* **The task**: Copy without pictures. Please restate each line of the listing exactly.

* **Available data**:
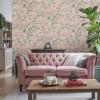 imageLaura Ashley Eglantine Blush Wallpaper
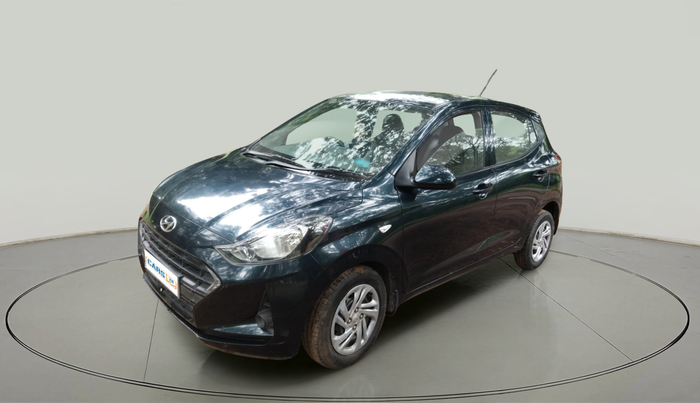 2022 Hyundai GRAND I10 NIOS MAGNA 1.2 KAPPA VTVT, Petrol, Manual, 49,163 km, exterior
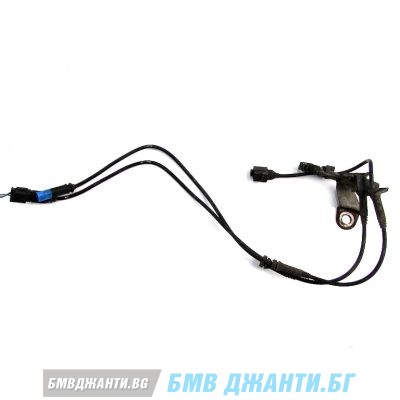 Водачи сензори EDC предни BMW X3 F25 X4 F26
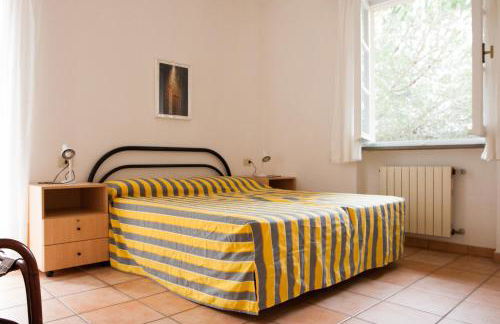 Residence Le Mimose - Foto 33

* **Output of the exercise**:
 imageLaura Ashley Eglantine Blush Wallpaper
 2022 Hyundai GRAND I10 NIOS MAGNA 1.2 KAPPA VTVT, Petrol, Manual, 49,163 km, exterior
 Водачи сензори EDC предни BMW X3 F25 X4 F26
 Residence Le Mimose - Foto 33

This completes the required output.